*** INPUT ***
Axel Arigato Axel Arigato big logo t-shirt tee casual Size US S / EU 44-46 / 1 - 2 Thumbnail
*** End of INPUT ***
*** INPUT ***
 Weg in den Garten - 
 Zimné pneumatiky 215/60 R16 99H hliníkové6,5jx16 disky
*** End of INPUT ***
*** INPUT ***
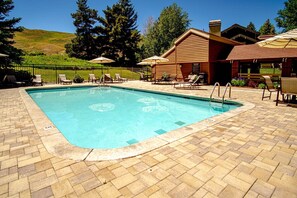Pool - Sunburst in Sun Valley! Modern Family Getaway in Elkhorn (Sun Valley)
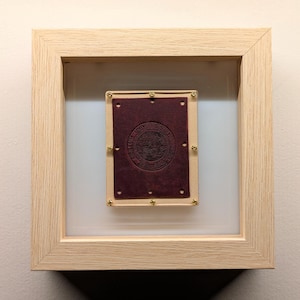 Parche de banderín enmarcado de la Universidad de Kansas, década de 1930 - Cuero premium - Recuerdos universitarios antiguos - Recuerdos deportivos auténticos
*** End of INPUT ***
* **ASSIGNMENT**
Within the material above, extract exactly the lines that start at the line containing "Weg in den Garten" and stop after the line containing "Zimné pneumatiky 215/60", and only those.

* **TASK RESPONSE**
 Weg in den Garten - 
 Zimné pneumatiky 215/60 R16 99H hliníkové6,5jx16 disky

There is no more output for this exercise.